### The data
•••

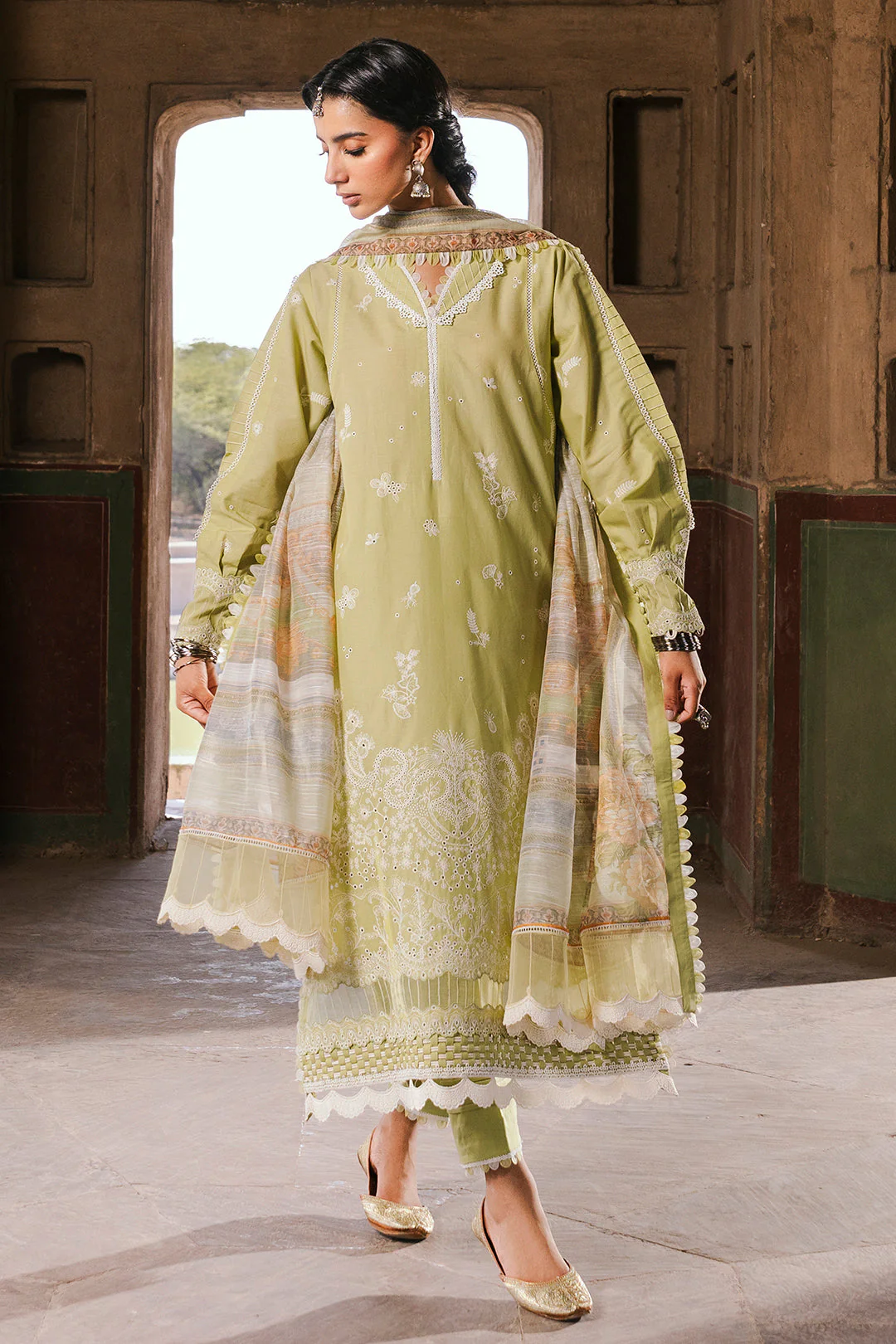 Zellbury Chikankari Lawn – D-0828 - Image 9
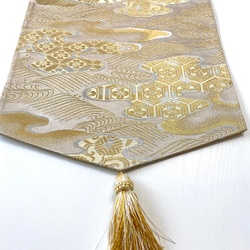 西陣織のテーブルランナー（亀甲紋様ゴールド） 3枚目の画像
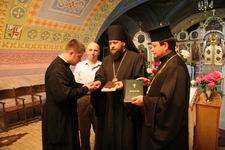 Вручення довгоочікуваного диплому про духовну освіту, 18 червня 2005 р. Фото Сергія Дубинки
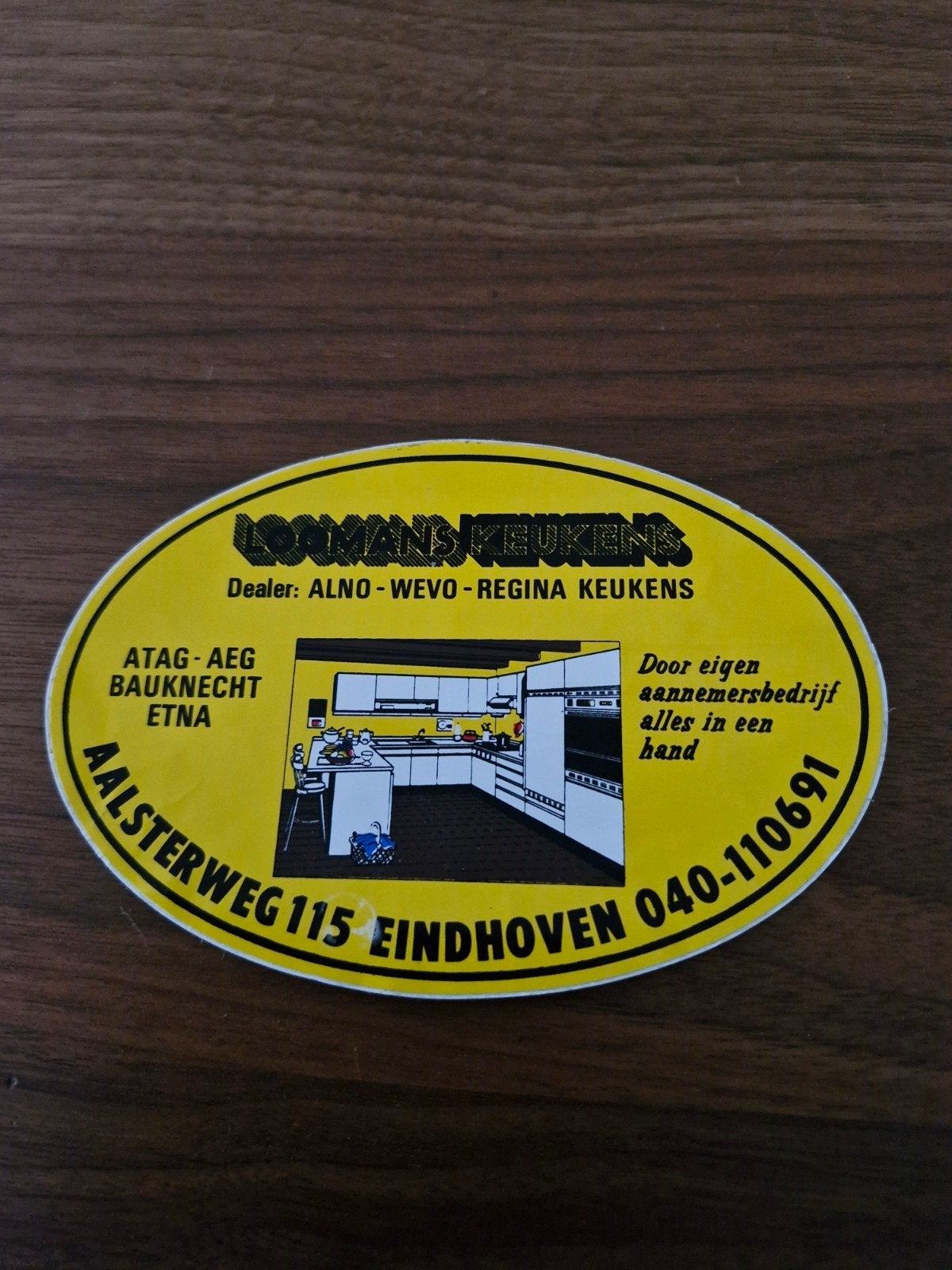 696 Vintage Looman's Keukens Sticker - Eindhoven (15x10 cm), Ophalen of Verzenden, Nieuw, Bedrijf of Vereniging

•••

### The problem
With pictures left out, print the lines of the material above from the line containing "西陣織のテーブルランナー（亀甲紋様ゴールド） 3枚目の画像" through its last line, exactly and nothing more.

### Task answer
 西陣織のテーブルランナー（亀甲紋様ゴールド） 3枚目の画像
 Вручення довгоочікуваного диплому про духовну освіту, 18 червня 2005 р. Фото Сергія Дубинки
 696 Vintage Looman's Keukens Sticker - Eindhoven (15x10 cm), Ophalen of Verzenden, Nieuw, Bedrijf of Vereniging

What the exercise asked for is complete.